In June, Hillary Clinton took the stage in Brooklyn to celebrate securing enough delegates to become the presumptive Democratic nominee for president of the United States. In marking the historic occasion, Clinton invoked her late mother, Dorothy Rodham, born on June 4, 1919. “On the very day my mother was born in Chicago,” she told the crowd, “Congress was passing the 19th Amendment to the Constitution. That amendment finally gave women the right to vote.”

Ratified in 1920, the 19th Amendment did prohibit federal and state governments from denying citizens the right to vote on the basis of sex. But the story is more complicated than that. The claim that it established universal suffrage for all women in the U.S. is something of a myth. Although the 19th Amendment extended the right to vote to millions of women, millions of women were already enfranchised, and millions more continued to be disenfranchised for decades after 1920.

Following the Civil War, women in dozens of cities across the country initiated campaigns to cast their ballots for public office but were thwarted by unfavorable federal court rulings. In 1872, Victoria Woodhull ran for president on the Equal Rights Party ticket with the former abolitionist and women’s rights advocate Frederick Douglass as her running mate, but few took them seriously.

In the late 19th century, suffragists waged state and territorial campaigns to secure voting rights. Their greatest success came in the Trans-Mississippi West, which has often been hailed as the vanguard of the women’s suffrage movement. With states in this region newly established and seeking both settlers and stability, they encouraged women to migrate by offering them their share of the ballots. By 1916, 4 million women in Western states had won full suffrage. They could vote in presidential elections in 11 states: Arizona, California, Colorado, Idaho, Kansas, Montana, Nevada, Oregon, Utah, Washington, and Wyoming. And, women in another four states acquired the right to vote before 1920. Yet even in this progressive region, most women’s suffrage laws included racial exclusions. Idaho denied American Indian, Chinese American, and Mormon women the right to vote. Arizona refused the vote to most women of Mexican descent.

Democratic presidential candidate former Secretary of State Hillary Clinton speaks during a primary night event on June 7, 2016 in Brooklyn, New York.
Hillary Clinton speaks during a primary night event on June 7 in Brooklyn, New York.

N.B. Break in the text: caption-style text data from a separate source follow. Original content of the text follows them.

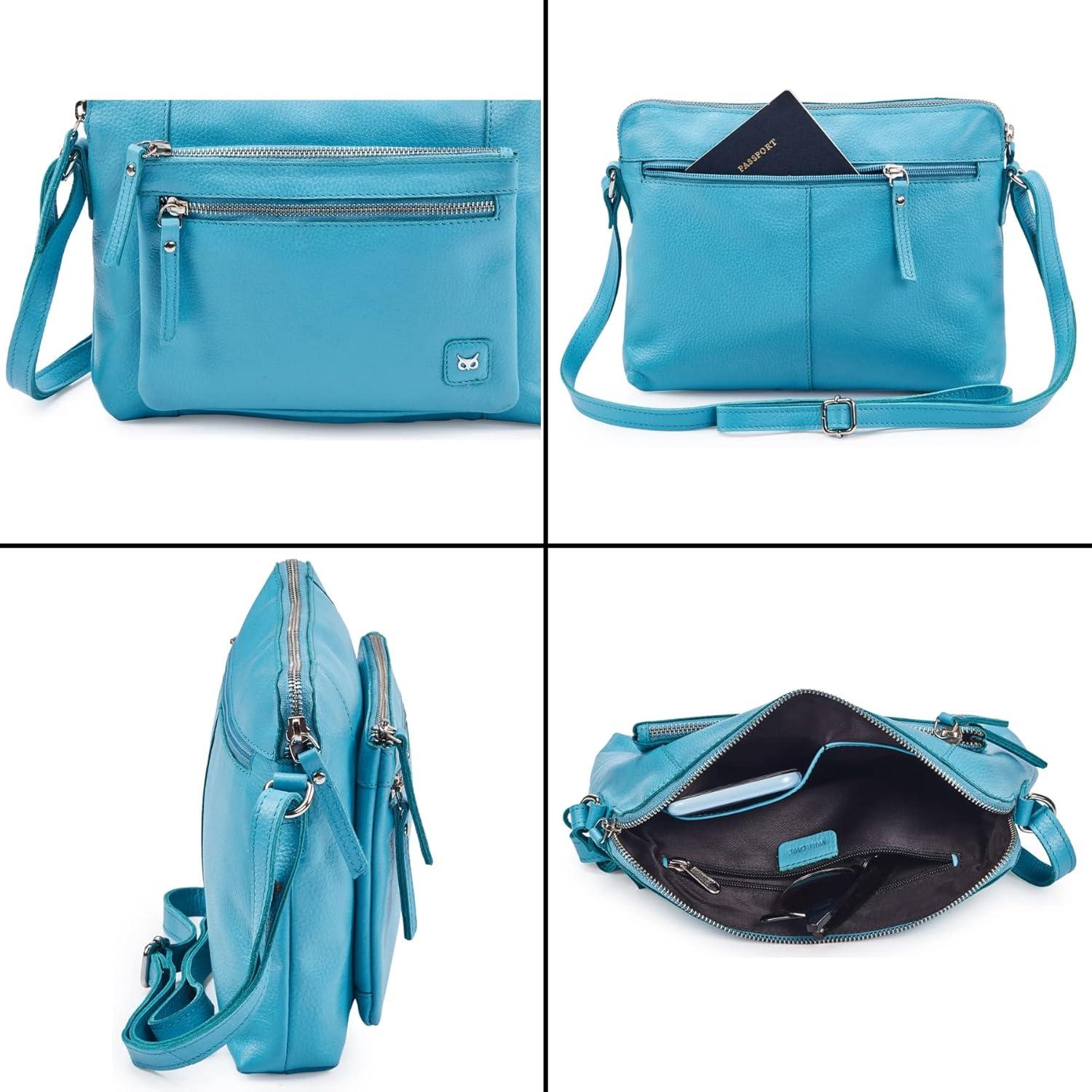 Bolso Cruzado Pequeño Wise Owl de Cuero Nappa Azul Aire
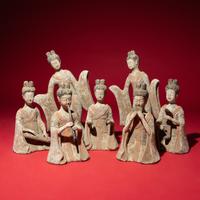 A Group of Seven Chinese Painted Pottery Figures of Musicians and Dancers, Sui-Tang Dynasty — 隋-唐 彩繪陶伎樂舞俑一組七件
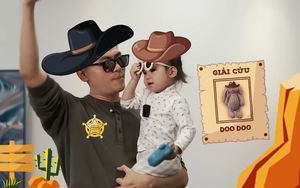 Ba Long và bé Pam hợp sức giải cứu thỏ Doo Doo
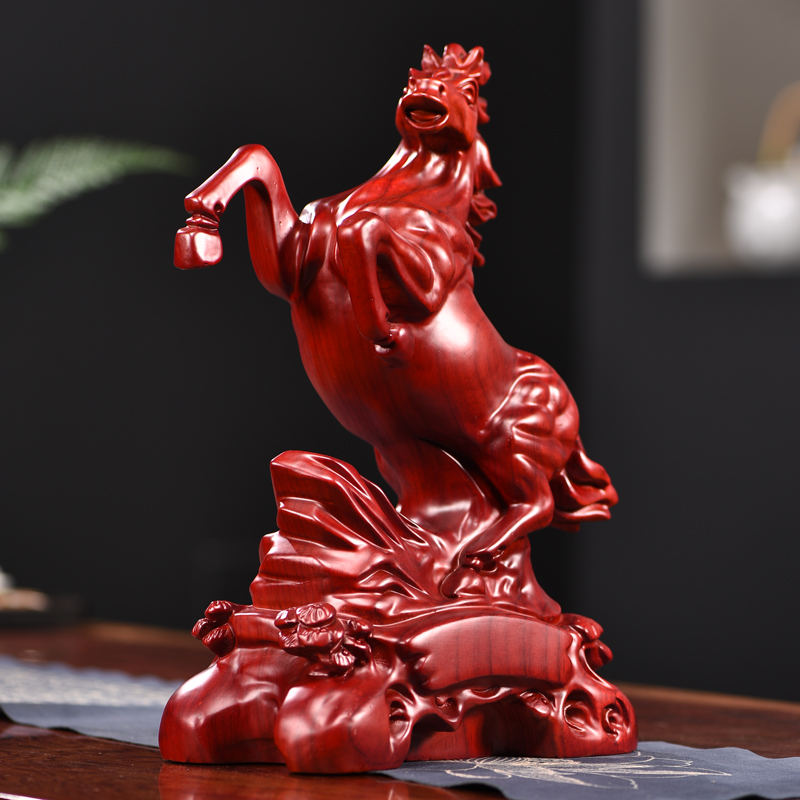 红花梨木雕生肖马摆件实木马到成功家居办公装饰开业乔迁工艺礼品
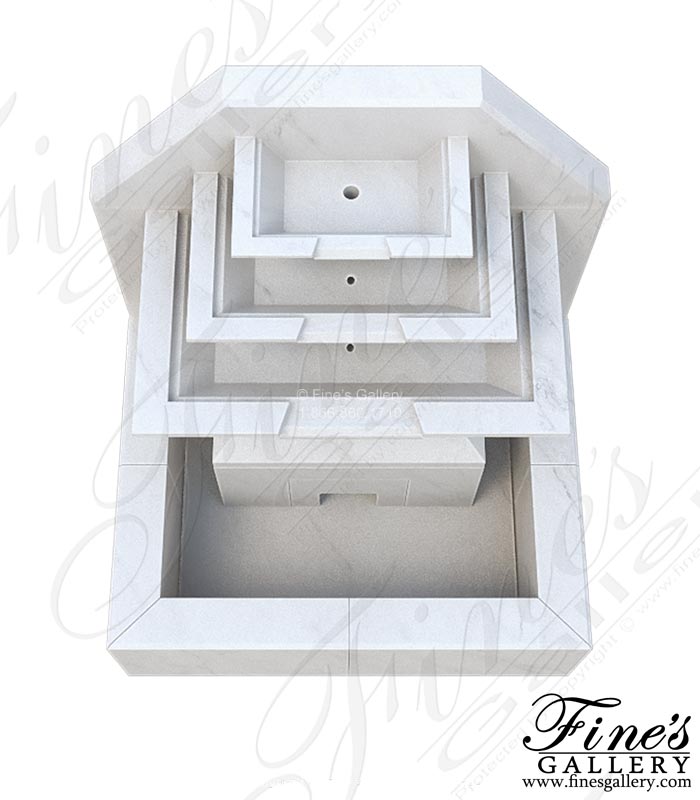 Marble Fountains  - Clean Coastal Wall Fountain In White Marble - MF-2390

Justin Sullivan/Getty Images

After ratification of the 19th Amendment, millions of other women, most significantly black Americans in the South, remained disenfranchised. The 15th Amendment, ratified in 1870, had attempted to combat racial discrimination in voting but left open voter-suppression measures such as poll taxes, literacy tests, and grandfather clauses, all of which Southern states used as obstacles to prevent black men—and, after 1920, black women—from participating in electoral politics. At the same time, Latinas and American Indians who did not speak and write English were refused ballots in cities and states where they constituted a significant share of the population, including Texas, Arizona, Florida, Alaska, and New York City.

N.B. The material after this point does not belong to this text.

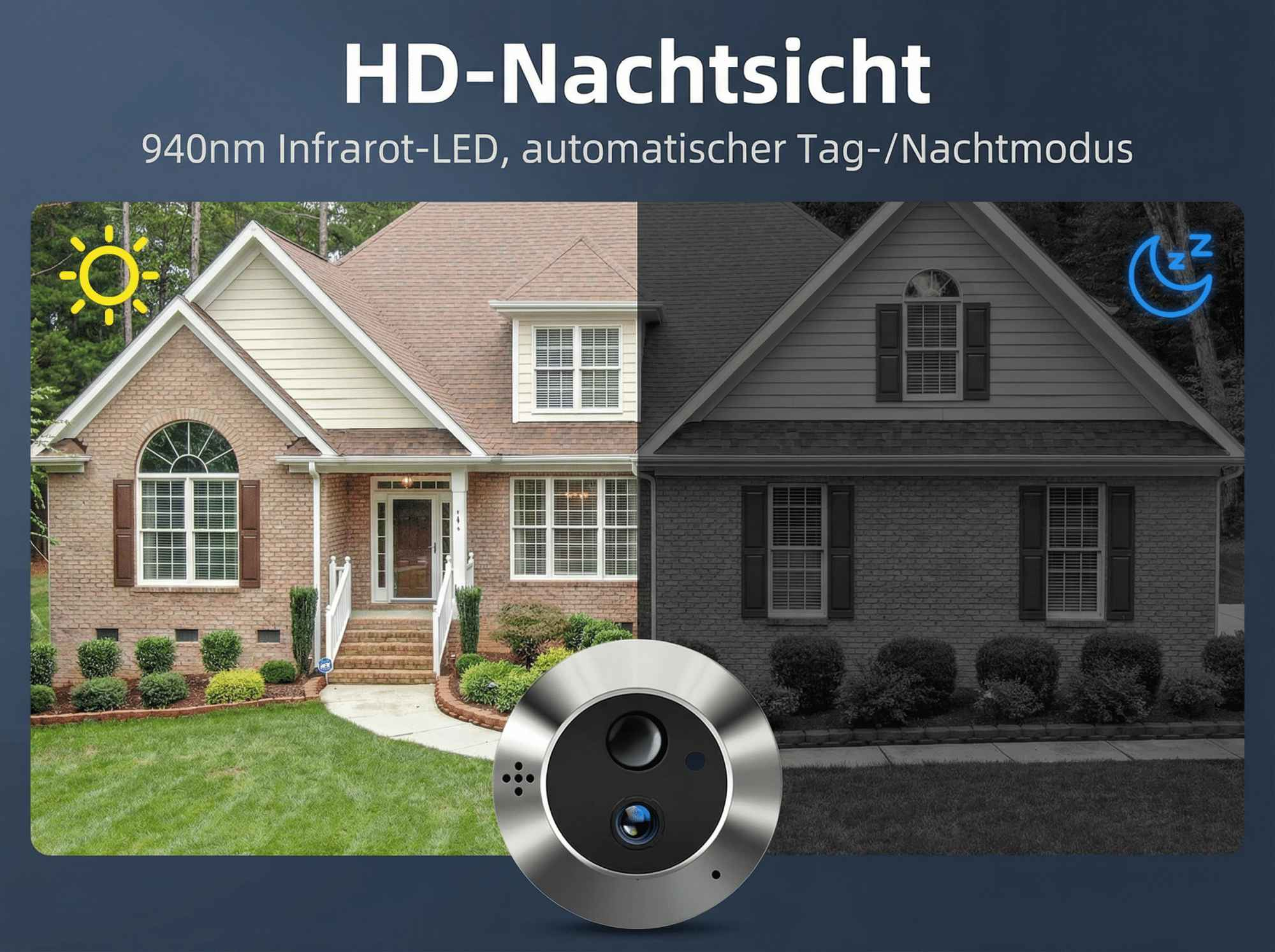 Hausansicht Tag und Nacht mit Überwachungskamera im Vordergrund.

In the five decades following the 19th Amendment, women of color organized and protested in a variety of ways. Black women, led by Mary Church Terrell, president of the National Association of Colored Women, demanded that their white allies in the suffrage movement, such as those in the predominantly white National Woman’s Party and the League of Women Voters, join them in the fight to abolish literacy tests and other obstacles. However, NWP founder Alice Paul and LWV president Carrie Chapman Catt rejected their appeals on the grounds that such barriers were rooted in race, not gender—in effect declaring the women’s suffrage movement over and insisting their work was done.

In the following decades, black women—such as Dorothy Height of the National Council of Negro Women and Ella Baker of the NAACP and the Student Nonviolent Coordinating Committee—refused to capitulate. They stood beside and even led black men in the civil rights struggle that culminated in the 1960s. A semblance of full enfranchisement came only with another legislative milestone, the 1965 Voting Rights Act. But the struggle did not end there, as Spanish-speaking and other non-English-speaking minorities fought and gained access to bilingual ballots in polling places as enacted in the 1975 extension of the Voting Rights Act.

It is important to celebrate milestones. It is just as critical to recognize them as markers on longer journeys toward freedom and equality. Especially in an era when states are using voter ID laws and other measures to suppress minority voting power, we should not turn the milestone of the 19th  Amendment into the myth of universal women’s enfranchisement. If we do, we risk diminishing the lengthier and more arduous struggles to achieve gender and racial equality in the political arena. Political revolutions take a long time and hard work. Hillary Clinton’s nomination for president is an important milestone, but not the final step, along this path.